C’est donc bien aux deux catégories ainsi esquissées que correspondent traditionnellement ce que l’on appelle, dans un cas, une maîtrise professionnelle, et dans l’autre, une maîtrise de recherche.  Notons qu’une troisième catégorie de maîtrise existe également, celle dite “à cheminement de type cours” (par opposition à celui de “type recherche”).  Notre nouveau programme s’efforce de se dégager de ces catégories léguées par une tradition qu’il convient de réviser tout en reconnaissant les mérites respectifs de chacune d’elles. S’il s’agit bien pour nous d’une maîtrise de recherche, nous verrons qu’elle ne néglige pas complètement le fait qu’elle relève d’une discipline professionnelle.  Il ne faudra donc pas s’étonner d’être en présence d’une identité “ambiguë” ou même “floue” si celle-ci doit être perçue selon les catégories existantes. Comme on va le voir, cette identité se rapprocherait plutôt de ce que la Faculté des études supérieures appelle désormais “la recherche contextualisée” ou encore ce que le FCAR considère comme de “la recherche en milieu de pratique”.

 

La tradition qui exige une séparation nette entre maîtrise professionnelle et de recherche ne fait pas que refléter la situation du “marché” des diplômés.  Elle s’appuie sur un modèle épistémologique des disciplines professionnelles bien ancré, celui de la science appliquée, hérité du XIXe siècle. C’est ainsi que, dans les meilleurs des cas, s’il n’est plus considéré comme un art ou une technique, le design est assimilé à une science appliquée (ce que dénote l’appellation administrative M.Sc.A.), c’est-à-dire à une pratique découlant d’un travail préliminaire (de type analytique) opéré dans le champ de sciences dites “ fondamentales ” (mécanique, psychologie, sémiotique, etc.).  Or le statut épistémologique de science appliquée ne convient pas pour cerner le design, ni d’ailleurs les autres disciplines professionnelles.  Il serait trop long d’exposer ici les arguments en faveur de cette thèse, qu’une attention persévérante à la pratique quotidienne du design ne manquera pas de confirmer.  Ces arguments ont été exposés ailleurs et sont désormais largement partagés par la communauté scientifique.4  L’idée d’une science engagée, située, impliquée, est bien plus proche de la réalité.

 

L’artifice rhétorique de Christopher Frayling (Royal College of Art, Londres) permet de décrire de façon commode et succincte les distinctions opérées ci-dessus.5  Celui-ci distingue les trois cas suivants : la recherche pour le design, la recherche sur le design, enfin la recherche par le design.  Le premier cas, qui recouvre ce qu’on entend habituellement par ”R &D ”, correspond à l’excès du pôle “pratique” ci-dessus; le second cas, qui recouvre l’ensemble des travaux réalisés par les chercheurs provenant de sciences diverses (sociologues, historiens, psychologues, etc.) prenant le champ du design pour objet, illustre l’excès du pôle “théorie”; quant au troisième, c’est la voie originale que nous avons choisi d’emprunter pour notre maîtrise.

 

Pour résumer, nous pourrions dire que ce qui distingue une activité de recherche dans les disciplines d’analyse d’une activité de recherche dans les disciplines professionnelles, c’est que si elles ont chacune pour but de faire avancer les connaissances dans leurs disciplines respectives, on doit s’attendre à ce que, dans les disciplines professionnelles, les résultats de la recherche contribuent en plus à une pratique meilleure des professions correspondantes.

 

Les diplômé-e-s de la M.Sc.A. (aménagement), option “Design et complexité”, auront acquis les compétences et les connaissances nécessaires à entreprendre des projets de recherche dans des domaines du design considérés comme prioritaires.
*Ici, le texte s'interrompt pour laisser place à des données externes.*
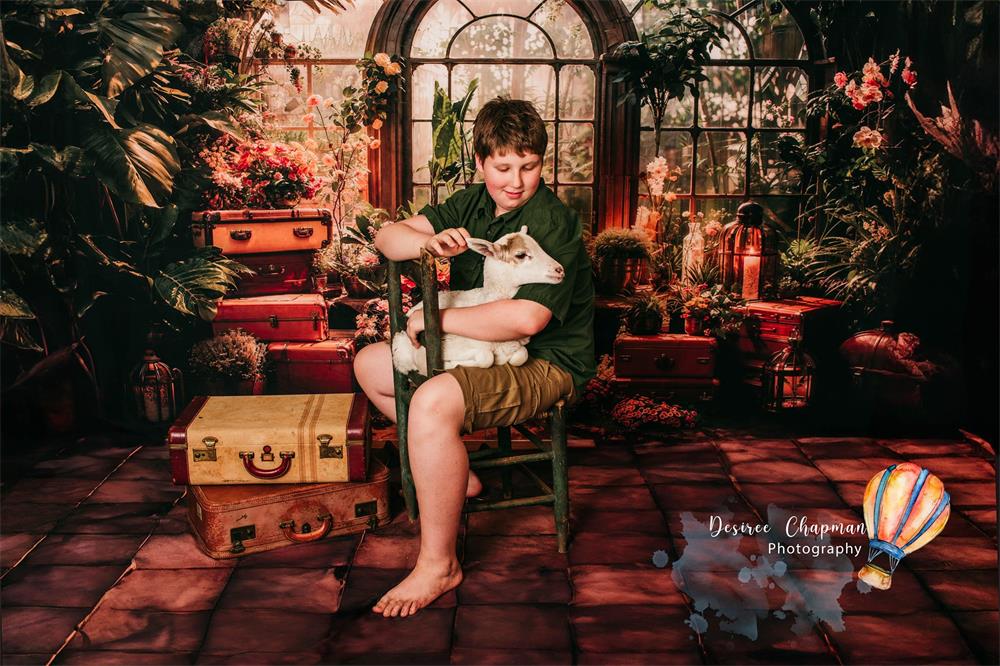 Kate Frühling Grüne Pflanze Fensterzimmer Hintergrund Entworfen von Chain Photography - Kate Backdrop.de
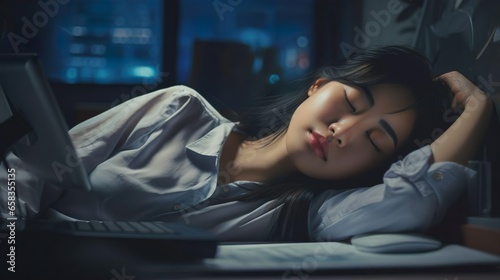 Exhausted young gorgeous Asian business woman sleeping on her office desk next to computer and documents. Company worker tired of overworking. Female employee workaholic suffering from chronic fatigue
Ces projets sont susceptibles d’être menés dans un environnement universitaire, dans un centre de recherche existant, au sein même d’une entreprise ou d’une institution privée ou publique, ou encore dans le cadre d’activités ponctuelles de consultation. S’ils sont encore peu nombreux au Canada, de tels postes existent déjà en Europe et aux Etats-Unis où l’apport spécifique du design commence à être bien distingué et reconnu. Les plus persévérant-e-s se consacreront à des études doctorales et viendront grossir les rangs de nos futurs chercheurs du Groupe de recherche appliquée au design (GRAD) en voie de formation6, et d’une Chaire en design à la création de laquelle l’École de design industriel s’emploie activement. Parmi nos diplômé-e-s, certain-e-s souhaiteront reprendre une activité professionnelle interrompue; c’est alors à titre de consultant, d’expert ou, “simplement”, de praticien “éclairé” qu’ils agiront dans le milieu. Enfin, il convient de ne pas négliger l’apport appréciable que constituera la contribution à l’enseignement de la discipline de ces diplômé-e-s doté-e-s d’un profil intégrant de façon raisonnée les dimensions pratiques et théoriques de la discipline.

 

 

Quelle est la spécialité de la M.Sc.A. (aménagement), option “Design et complexité” ?

 

Il est bien entendu plus sage de fonder la spécificité de cette maîtrise sur les facteurs et le projet internes, plutôt que de la voir soumise aux humeurs, plus imprévisibles et souvent capricieuses, des facteurs externes.  On pourrait reprocher à un tel parti de manquer d'opportunisme et de “réalisme”, de ne pas tenir compte des “besoins immédiats” et des “attentes” de la société; mais on se félicitera rapidement de la stabilité du programme, de la solidité de ses fondements scientifiques, ainsi que de sa souplesse face aux velléités de la conjoncture.  Ce parti nous impose de privilégier un programme construit autour de connaissances “formelles” (par opposition à “substantielles”), au détriment d'un ensemble de cours mettant l'accent sur des contenus.

 

La formation scolaire et universitaire classique, par son insistance sur la façon analytique de saisir la réalité et les problèmes du monde, n'est plus adéquate pour permettre aux professionnels et aux acteurs sociaux de comprendre les phénomènes plus complexes, donc d'agir de façon non seulement efficace, mais aussi responsable.  Les exemples ne manquent pas aujourd'hui qui décrivent cette insuffisance et les impasses auxquelles elle a mené (crise environnementale, crise des services de santé, crise de l'école, etc.).  Il convient par conséquent de compléter (mais non de remplacer) cette formation “traditionnelle” par le développement d'une “intelligence complexe”, ancrée dans l'action, autrement dit par l’acquisition d’une méthode permettant tout d’abord de saisir, de décrire et de modéliser les situations complexes correspondant aux problèmes de design, puis d'une méthode de simulation, de prise de décision, d'intervention, d'action et d'évaluation qui en découle.7  C'est là l'objectif principal de notre maîtrise.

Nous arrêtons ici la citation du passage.